I admire the article for its clarity and force in dealing with a turbulent question. There is no doubt that Mehdi abhors the killings as much as anyone. He also demonstrates the danger today for democratic people – us, that is – arising from an uncritical identification with the content and policy of Charlie Hebdo and using it as a mascot for our idea of freedom. It cannot serve in this role because of its flagrantly offensive contents. We may be free, but we are not all hell-bent on devising the most insulting messages for our other-culture co-nationals.
It is important to recognise that images of the Muslim Prophet are offensive per se in Islam (as are those of God). This is a culture difference which fair-minded people must take into account. The government-sponsored cartoon of Mohamed on the cover of the next issue is therefore a calculated insult in itself, irrespective of content. We are certainly free to insult (though not to libel without penalty), but we are not quite free to pretend that we are not doing so and to capitalise on the deaths of the victims of a heinous terrorist attack to pretend that we are unblemished by any prejudice or violence ourselves.
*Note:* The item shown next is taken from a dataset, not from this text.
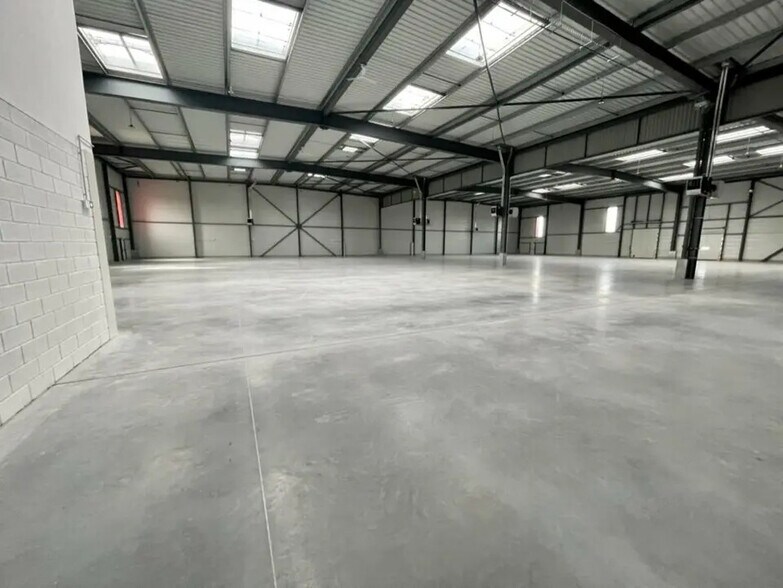 Bureau dans Roissy-en-France à louer - Photo de l’immeuble – Image 3 sur 8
Everything we might normally love and respect is being turned to shit by cynical politicians who represent themselves publicly as its protectors. In practice all they can do is illustrate the fact that their freedom of expression is freedom for themselves and not for those with a different angle on events. Dieudonné seems to think there are two sides to the question – without even hinting that he is a supporter of violence in the process. For that he gets locked up in a police station. In this matter I am on the side of Dieudonné. How else to express support for freedom of expression?
14 January 2105
I am hoping to say goodbye to the Charlie topic but I can’t leave without saying I appreciate the good faith of anyone who professed to be Charlie in the sense of the banner “Je suis Charlie” in response to the atrocity in question. I think from the outset we all knew that this was an echo of JFK’s moving assertion, “Ich bin ein Berliner” which has of course been the butt of affectionate ridicule – but mostly applause as bringing Cold War politics down to the plane of personal identification.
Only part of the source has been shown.